◆ Data block ◆
"""
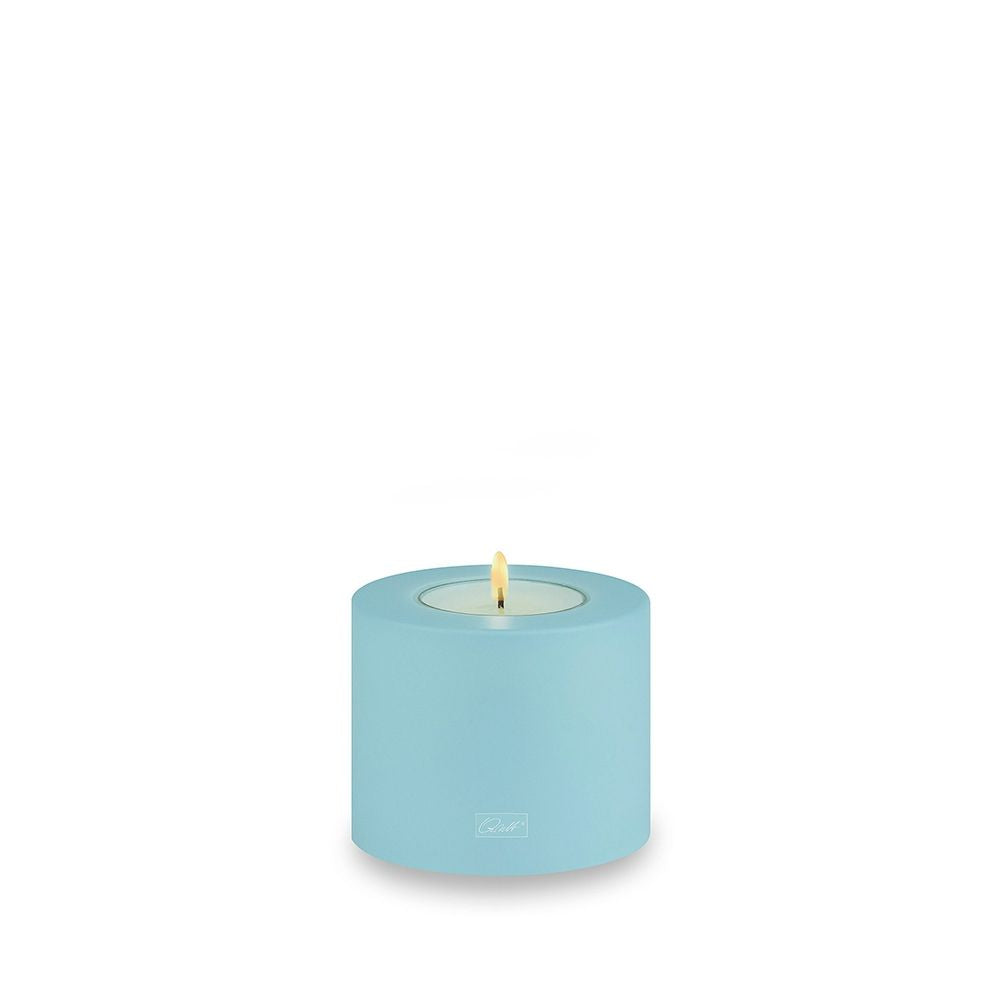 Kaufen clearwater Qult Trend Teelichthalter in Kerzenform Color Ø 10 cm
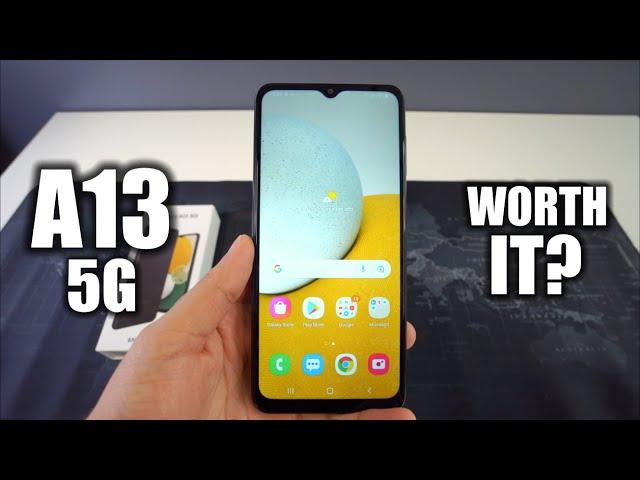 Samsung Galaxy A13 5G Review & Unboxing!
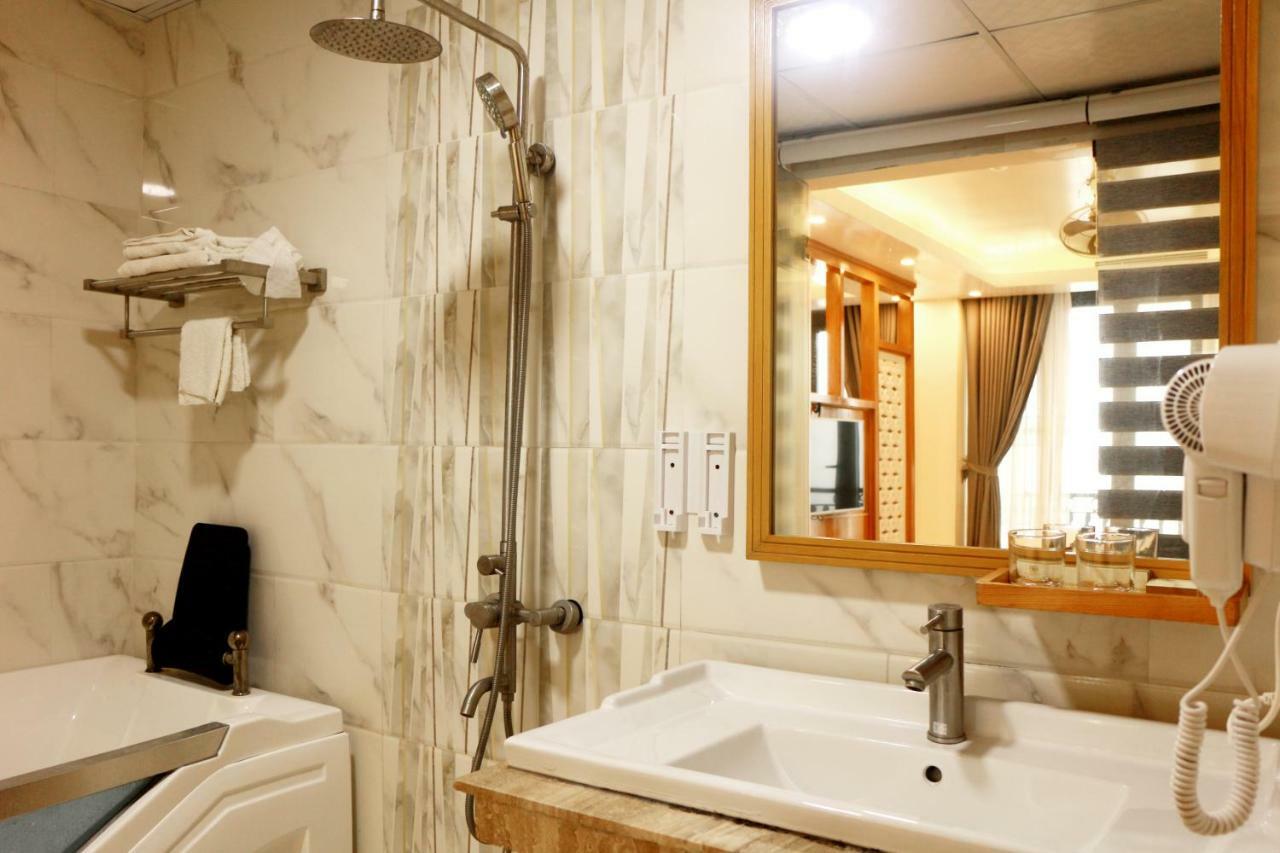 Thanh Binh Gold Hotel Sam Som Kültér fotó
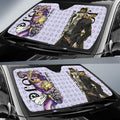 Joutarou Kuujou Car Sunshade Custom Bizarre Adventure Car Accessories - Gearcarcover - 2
"""
◆ Description of the task ◆
Set the pictures aside and reproduce the data above exactly.

◆ Output of the exercise ◆
 Kaufen clearwater Qult Trend Teelichthalter in Kerzenform Color Ø 10 cm
 Samsung Galaxy A13 5G Review & Unboxing!
 Thanh Binh Gold Hotel Sam Som Kültér fotó
 Joutarou Kuujou Car Sunshade Custom Bizarre Adventure Car Accessories - Gearcarcover - 2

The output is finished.